### Exercise details
From the records below, output exactly the lines running from the line containing "vas-y mollo avec les petits surnoms" through the line containing "Wrapped in Color: : Stranded", and no others.

START Supplied records

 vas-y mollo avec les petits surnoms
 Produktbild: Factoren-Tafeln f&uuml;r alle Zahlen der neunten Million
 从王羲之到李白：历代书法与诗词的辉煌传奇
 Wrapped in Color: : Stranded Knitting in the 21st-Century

END Supplied records
START Supplied records

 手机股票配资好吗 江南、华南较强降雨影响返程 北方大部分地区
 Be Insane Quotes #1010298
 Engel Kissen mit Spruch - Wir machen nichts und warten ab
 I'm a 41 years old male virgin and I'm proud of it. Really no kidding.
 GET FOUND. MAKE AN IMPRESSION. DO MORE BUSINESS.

END Supplied records

### Answer to the exercise
 vas-y mollo avec les petits surnoms
 Produktbild: Factoren-Tafeln f&uuml;r alle Zahlen der neunten Million
 从王羲之到李白：历代书法与诗词的辉煌传奇
 Wrapped in Color: : Stranded Knitting in the 21st-Century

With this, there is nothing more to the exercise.